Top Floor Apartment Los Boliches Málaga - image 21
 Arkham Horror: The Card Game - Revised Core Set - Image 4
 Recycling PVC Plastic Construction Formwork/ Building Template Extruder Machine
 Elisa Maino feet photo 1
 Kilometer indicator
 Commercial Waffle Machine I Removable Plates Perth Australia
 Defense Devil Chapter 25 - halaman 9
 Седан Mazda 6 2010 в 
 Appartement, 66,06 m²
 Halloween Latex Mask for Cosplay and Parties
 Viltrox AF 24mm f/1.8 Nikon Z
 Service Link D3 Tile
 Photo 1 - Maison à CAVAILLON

************

== Try it ==
Pick each line holding the word "Machine" out of the listing.

== Response to this exercise ==
 Recycling PVC Plastic Construction Formwork/ Building Template Extruder Machine
 Commercial Waffle Machine I Removable Plates Perth Australia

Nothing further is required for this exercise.